Он ждал в камере еще с двумя. Один был пьян и спал в грязном исподнем. Другой был негритянский паренек, совсем юный, в дорогом бежевом костюме и коричневых туфлях из крокодиловой кожи. Герцог поздоровался с ним, но парень предпочел отмолчаться. Ушел в свои неприятности и увел глаза в сторону. Мозесу было жалко его. В ожидании он прислонился к решетке. Не его это сторона решетки, он это кожей чувствовал. Унитаз, голая металлическая скамья, мухи на потолке. Не по его грехам, считал Герцог, такая обстановка. Он тут мимоходом. На улицах, в американском обществе — вот где отбывает он свой срок. Он безразлично сел на скамью. Из Чикаго, думал он, надо уезжать немедленно и только тогда вернуться, когда он сможет быть полезным Джун, по-настоящему полезным. Хватит горячки, надрыва и театральщины с подглядыванием в окна; хватит аварий, обмороков, встреч «ты бьешь — он кричит» и очных ставок. Гул беды в коридорах и камерах, вонь в канцелярии, печать отверженности на лицах, за открывшейся дверью — судьба вот этого мертвецки спящего, залившего подштанники мочой, — имеющий глаза, ноздри, уши пусть слышит, обоняет и видит. Имеющий разум, сердце — пусть задумается.

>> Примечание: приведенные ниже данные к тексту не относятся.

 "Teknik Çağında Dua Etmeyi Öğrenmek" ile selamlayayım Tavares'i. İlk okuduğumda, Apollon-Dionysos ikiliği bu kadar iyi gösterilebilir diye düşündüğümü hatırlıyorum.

Устроившись, чтобы не бередить боль в ребрах, Герцог даже умудрился набросать некоторые мысли. В них не было особого складу и уж тем более логики, они просто приходили ему в голову. Такая была система у Мозеса Е. Герцога, и он азартно записывал на колене: Грубый, несовершенный механизм гражданского мира. Что называется, каменный век. Если в основе общественного порядка лежит, по мысли Фрейда, Рохайма и пр., коллективное древнее преступление, когда группа братьев нападает на праотца, убивает и пожирает его, освобождаясь через это убийство и объединенная теперь пролитой кровью, то известный смысл есть в том, чтобы тюрьма сохраняла мрачную, архаическую атмосферу. Еще бы: дикая сила объединившихся братьев, солдат, насильников и т. д. Только это все метафора, не более. Я не могу смириться с мыслью, что мое затмение производно от этого глухого бессознательного мрака. От этой примитивной кровавой каши.
Мы можем сомневаться и отрицать, но заветная мечта человеческая состоит в том, что жизнь может исполниться смысла. Каким-нибудь непостижимым образом. Еще до смерти. Может совершиться не вопреки логике, а непостижимо. Пощаженный этими грубыми тюремщиками, ты получаешь последний шанс познать справедливость. Истину.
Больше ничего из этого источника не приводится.